What annual growth is expected for the Electrical wiring interconnection system market through 2030?

The market is forecasted to expand at a 5.28% CAGR, rising from USD 3.10 billion in 2025 to USD 4.01 billion by 2030.

Which aircraft platform currently generates the largest share of EWIS revenue?

Fixed-wing programs account for 65.50% of 2024 revenue because every single-aisle, regional jet, and widebody build requires extensive wiring bundles.

Why are connectors and accessories outpacing wires and cables in growth?

Airlines and OEMs are standardizing plug-and-play architectures to shorten assembly time and speed retrofits, pushing connectors and accessories to a 5.65% CAGR—faster than any other component group.

How do US and European wiring regulations influence aftermarket demand?

FAA Part 26 and EASA AMC 20-22 mandate scheduled inspections, bonding upgrades and safer routing; those rules force operators to replace ageing looms during heavy checks, lifting the aftermarket’s 7.20% CAGR.

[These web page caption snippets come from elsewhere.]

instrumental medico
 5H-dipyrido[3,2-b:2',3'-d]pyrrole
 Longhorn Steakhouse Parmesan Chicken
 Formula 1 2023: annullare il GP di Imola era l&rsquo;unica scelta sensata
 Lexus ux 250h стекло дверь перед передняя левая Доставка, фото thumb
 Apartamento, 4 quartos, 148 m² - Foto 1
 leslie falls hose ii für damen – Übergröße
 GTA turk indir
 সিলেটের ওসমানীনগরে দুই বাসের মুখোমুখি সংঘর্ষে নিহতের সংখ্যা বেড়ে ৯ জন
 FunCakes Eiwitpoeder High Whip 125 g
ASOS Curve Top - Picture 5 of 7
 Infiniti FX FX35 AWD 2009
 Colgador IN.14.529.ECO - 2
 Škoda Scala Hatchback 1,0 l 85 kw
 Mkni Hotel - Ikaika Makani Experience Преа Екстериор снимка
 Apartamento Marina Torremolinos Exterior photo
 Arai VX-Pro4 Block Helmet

What near-term risk could disrupt EWIS cost structures?

Copper prices reached USD 5.20 per lb in 2024 and remain volatile, prompting surcharges of up to 45% on wiring sets and pressuring margins across the supply chain.

Which regions offer the strongest expansion opportunities for EWIS suppliers?

Asia-Pacific is projected to post the fastest 6.60% CAGR, driven by COMAC’s C919 ramp-up in China and high-indigenisation fighter programmes in India, complemented by new MRO joint ventures across Southeast Asia.